People were shocked and sad, and then they became angry. Their anger grew as they watched extremists around the world celebrate the death of a small portion of America who had done nothing to set themselves up for attack, save live in the country they lived in. And this angered us more; how disgusting, how horrible were these people, for celebrating our loss!

This is what I think of now, as I watch crowds of Americans celebrate in front of the White House after Osama Bin Laden’s death. Wolf Blitzer of CNN has just told me that he’s sure there will be celebrations around the country, especially in New York and Pennsylvania. Because that’s the way to handle this — classily singing The Star-Spangled banner to celebrate death.

In his amazingly eloquent speech, President Obama told us to think back to the unity we felt as a nation after 9/11, an obvious request to end the incredibly partisan political situation he’s found himself a part of this term. But in this global economy, global culture, global social media, global whatever, where did global unity go?

Osama Bin Laden was a person. We don’t have to pretend to be sad, but we don’t have to celebrate. It’s crass, and entirely below us, and celebrating his death shows how little we respect and understand what his death means.

After the 9/11 attacks, it was assumed that everyone in the country wanted justice in the form of death. But I remember seeing none of this sentiment come from my friends and family, who lived blocks from the where the Trade Towers stood. They wanted nothing but peace, and felt nothing more than sadness and confusion.

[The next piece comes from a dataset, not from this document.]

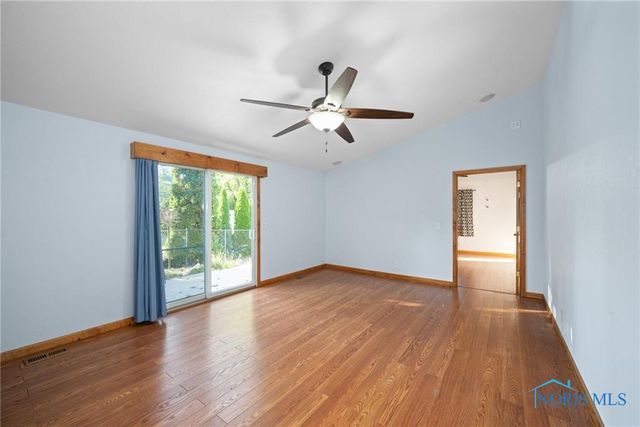 3221 Talmadge Road, Toledo, OH 43606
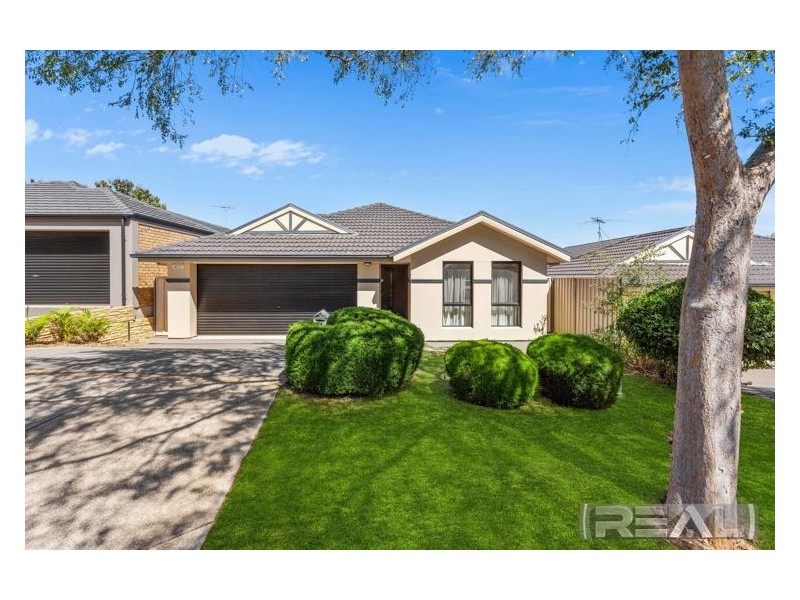 24 Kari Crescent, Huntfield Heights SA 5163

I’m sure this celebration will only worsen as the days go on, and become bogged down with legitimate questions about the significance of this event on every level. But as I sit here this night, watching and reading and listening to others make assumptions about how happy everyone around the world is right now, all I can do is think back to that girl ten years ago. She sat in front of her television too, watching a world cry out for blood, when all she felt was a feeling she couldn’t put a name on. It took years to realize that it was a cool breeze whisking away anything she’d ever thought she knew. And all she wondered was how anyone could want to kill anyone else, and as stupid as it sounded even to herself, why couldn’t we all just get along?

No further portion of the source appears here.